* **WHAT NEEDS TO BE DONE**
Leaving out all pictures, copy the lines below exactly, from the line with "Set Of Two Under" to the last line, both ends included.
<<<<
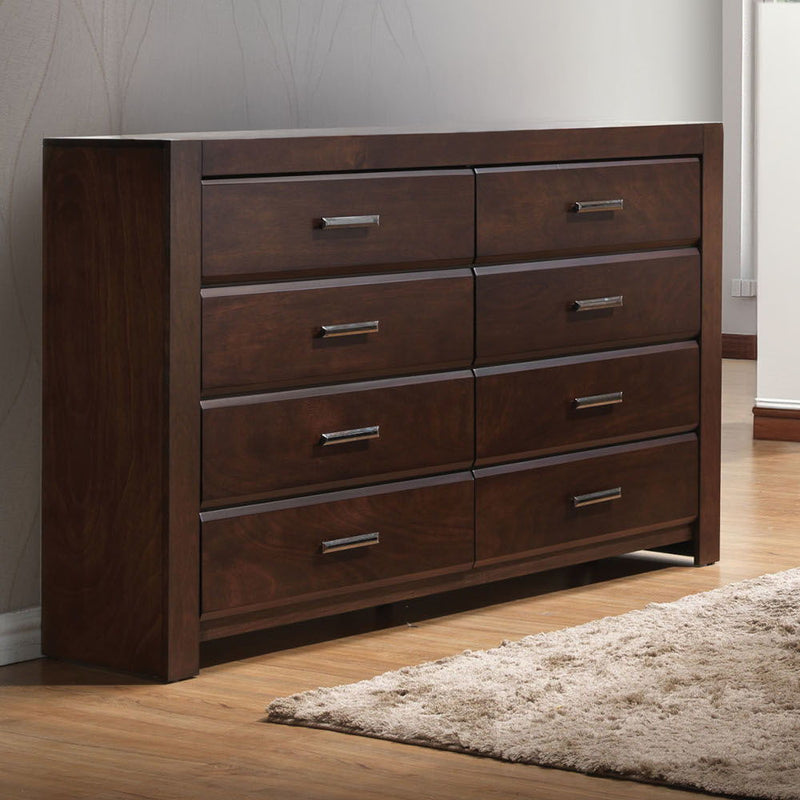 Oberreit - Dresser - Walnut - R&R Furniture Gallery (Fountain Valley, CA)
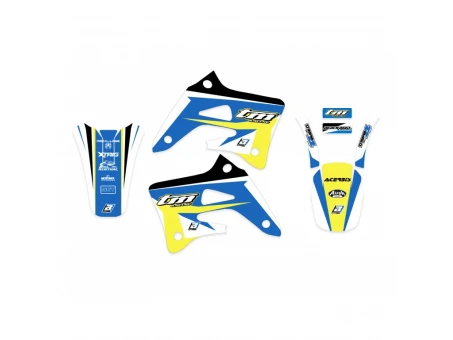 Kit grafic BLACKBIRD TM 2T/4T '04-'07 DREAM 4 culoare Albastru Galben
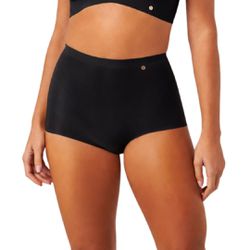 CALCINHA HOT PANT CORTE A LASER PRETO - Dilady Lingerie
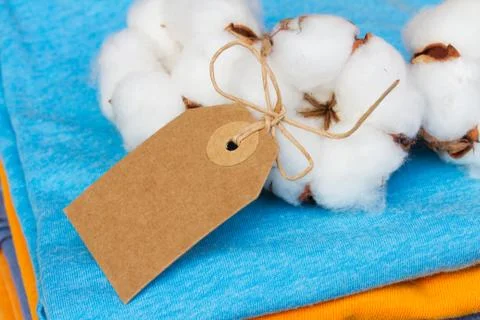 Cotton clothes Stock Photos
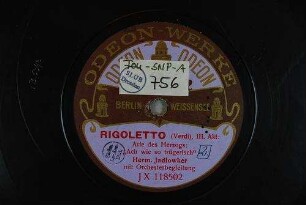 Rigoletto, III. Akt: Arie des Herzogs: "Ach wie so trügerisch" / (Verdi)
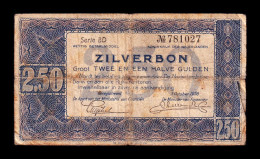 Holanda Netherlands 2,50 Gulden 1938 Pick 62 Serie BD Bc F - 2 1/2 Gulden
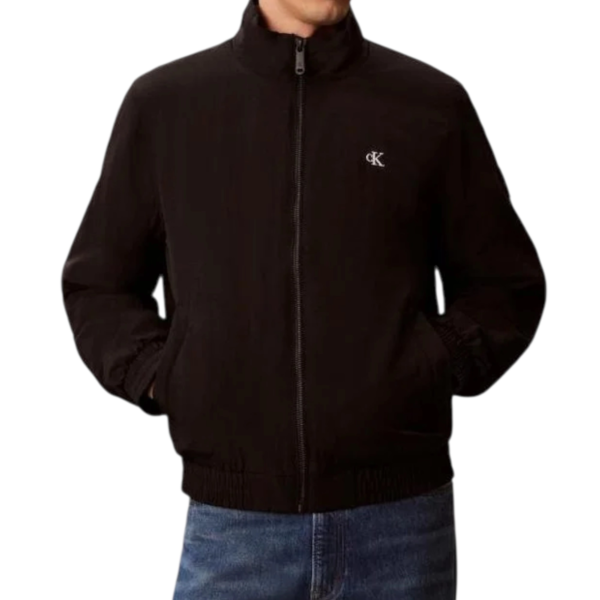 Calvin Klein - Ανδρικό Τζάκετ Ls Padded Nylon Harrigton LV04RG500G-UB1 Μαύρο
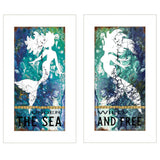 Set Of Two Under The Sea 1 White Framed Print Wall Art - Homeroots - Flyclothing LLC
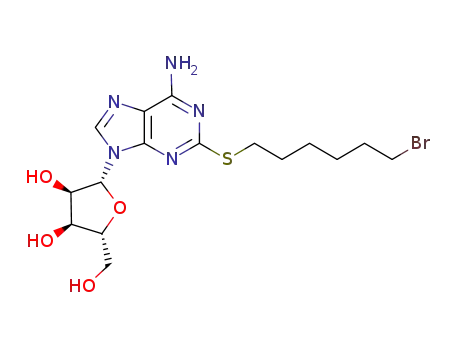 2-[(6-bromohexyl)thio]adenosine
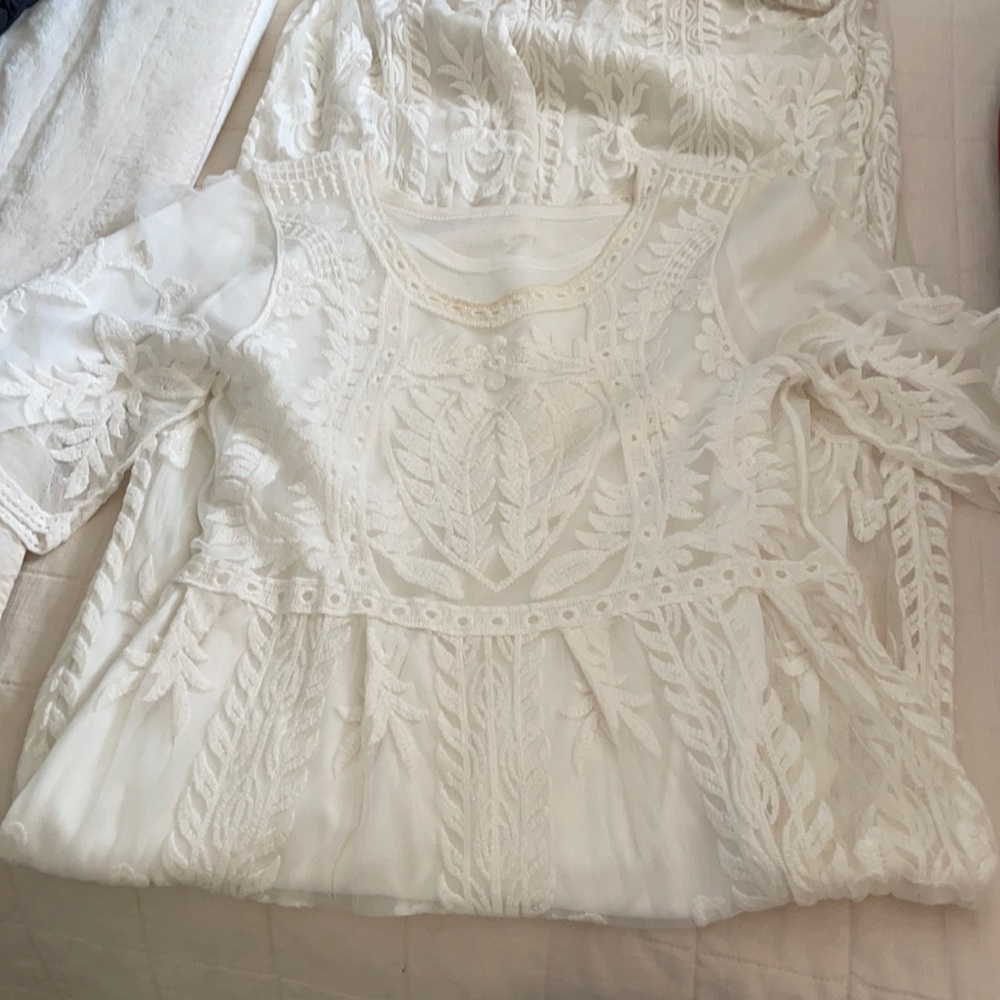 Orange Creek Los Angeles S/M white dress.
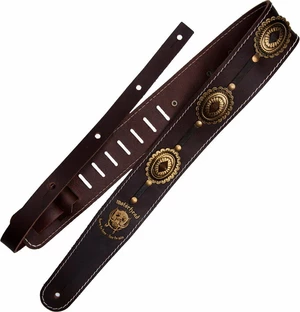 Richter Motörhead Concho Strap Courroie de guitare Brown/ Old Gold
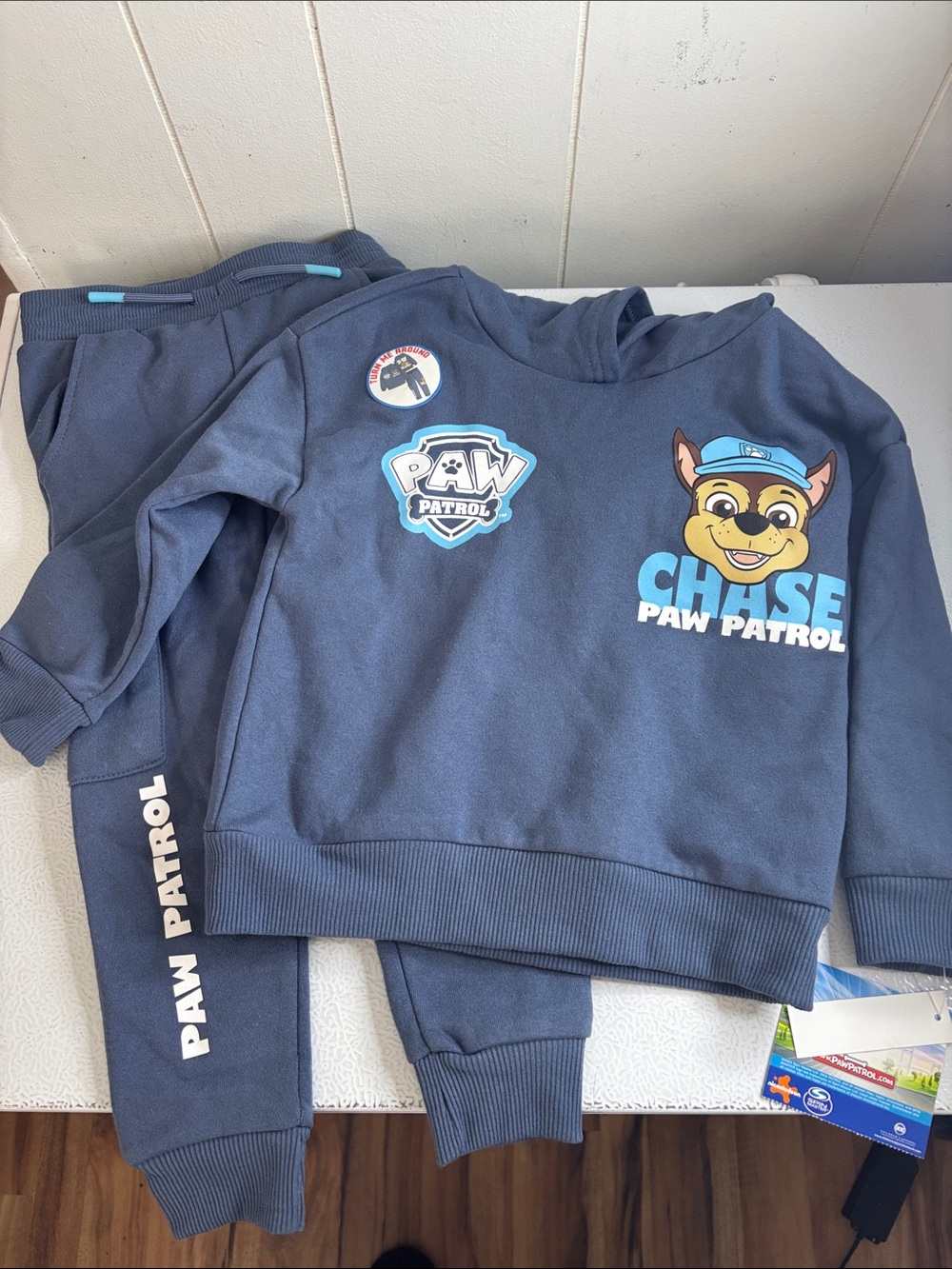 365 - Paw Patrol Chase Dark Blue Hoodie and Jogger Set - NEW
>>>>
* **RESPONSE BELOW**
 Set Of Two Under The Sea 1 White Framed Print Wall Art - Homeroots - Flyclothing LLC
 2-[(6-bromohexyl)thio]adenosine
 Orange Creek Los Angeles S/M white dress.
 Richter Motörhead Concho Strap Courroie de guitare Brown/ Old Gold
 365 - Paw Patrol Chase Dark Blue Hoodie and Jogger Set - NEW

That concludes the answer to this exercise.